# Does Tivo have a way to skip commercials?



## Jrr6415sun (Mar 31, 2006)

Does it?

if not wouldn't it be a good idea to have an option to mark where the commercials are manually so they can be deleted to free up space, or to be able to mark them yourselfs so you can skip them?


----------



## megazone (Mar 3, 2002)

Automatically? No. ReplayTV had that - and they got sued into bankruptcy.

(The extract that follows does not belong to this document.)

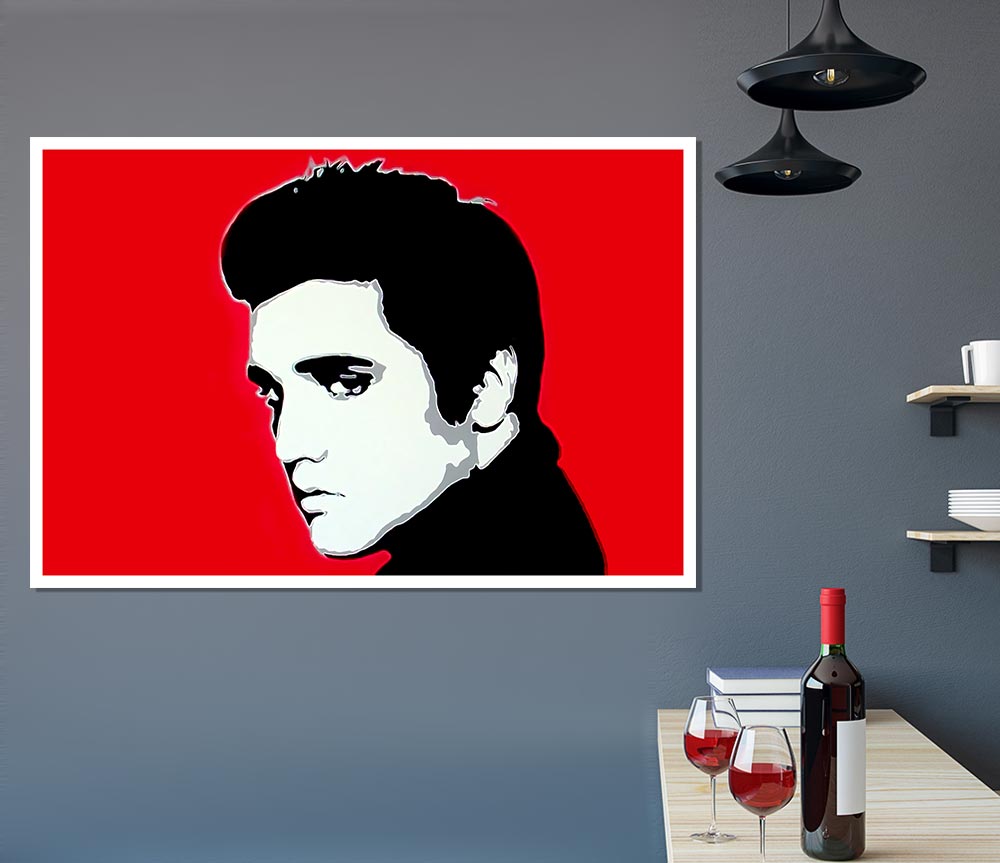 Elvis Portrait Red Print Poster Wall Art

TiVo does have a 30 second skip. Enter Select-Play-Select-3-0-Select while watching a recording and the Advance button is then a 30 second skip.


----------



## Jrr6415sun (Mar 31, 2006)

interesting thanks, i'll check that out when i'm around my tivo tomorrow.


----------



## Jrr6415sun (Mar 31, 2006)

do you think it would be unreasonable for them to allow us to edit what's saved on the tivo? Not necessarily deleting the commercials, but allowing us to edit certain shows we have saved by being able to delete some intervals? and then being able to use that extra space?


----------



## classicsat (Feb 18, 2004)

Perhaps not, but they have more important things to worry about than editing.


----------



## dfreybur (Jan 27, 2006)

megazone said:


> TiVo does have a 30 second skip. Enter Select-Play-Select-3-0-Select while watching a recording and the Advance button is then a 30 second skip.

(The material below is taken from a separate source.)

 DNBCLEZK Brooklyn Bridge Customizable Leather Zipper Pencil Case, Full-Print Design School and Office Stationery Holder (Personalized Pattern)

Do the digits in that sequence give the number of seconds? I notice that a lot of commercials are 15 seconds so I wonder if 15 or 14 handle that.


----------



## dfreybur (Jan 27, 2006)

Jrr6415sun said:


> do you think it would be unreasonable for them to allow us to edit what's saved on the tivo? Not necessarily deleting the commercials...


Give the ability to edit, it gets used to delete commercials, lawsuits start getting filed.

Tivos need to have good enough relationships with the content providers (cable and satellite companies) to give us the schedules. The broadcasters make their money on the commercials. Leave the commercials be and the content providers are happy to cooperate.


----------



## Jonathan_S (Oct 23, 2001)

dfreybur said:


> Do the digits in that sequence give the number of seconds? I notice that a lot of commercials are 15 seconds so I wonder if 15 or 14 handle that.


No these numbers are just part of the code; not a duration variable.

For example Select-Play-Select-0-9-Select brings up a time display on the screen. It doesn't adjust the skip length to 9 seconds.


----------



## Jrr6415sun (Mar 31, 2006)

megazone said:


> Automatically? No. ReplayTV had that - and they got sued into bankruptcy.
> 
> TiVo does have a 30 second skip. Enter Select-Play-Select-3-0-Select while watching a recording and the Advance button is then a 30 second skip.


how do i change it back to being 15 minutes? If i do it again it goes to the end of the program, then if I do it again it goes back to 30 seconds etc... I would like 15 minutes again.


----------



## classicsat (Feb 18, 2004)

You press FF or REW, ther ->| to skip to the tick marks.


----------



## dfreybur (Jan 27, 2006)

Jonathan_S said:


> No these numbers are just part of the code; not a duration variable.


Thanks Jonathan. It didn't work with 30 for me either so I'll retry. The button still takes live TV to real time and recordings to the end. I did not try a number other than 30 but may have done a typo. I'll reenter watching for the LED flickers.

Humax 400 with DVD


----------



## classicsat (Feb 18, 2004)

You do know you enter that code when vieing a recording, not live TV?


----------



## dfreybur (Jan 27, 2006)

classicsat said:


> You do know you enter that code when vieing a recording, not live TV?


I knew that, thanks. I tried again carefully checking that the LED flickered with each button. Now it works. Most excellent. I probably typoed it the first try.


----------



## dapunk (Apr 11, 2006)

Jrr6415sun said:


> interesting thanks, i'll check that out when i'm d my tivo tomorrow.


Testing to see if I can manipulate the quote.


----------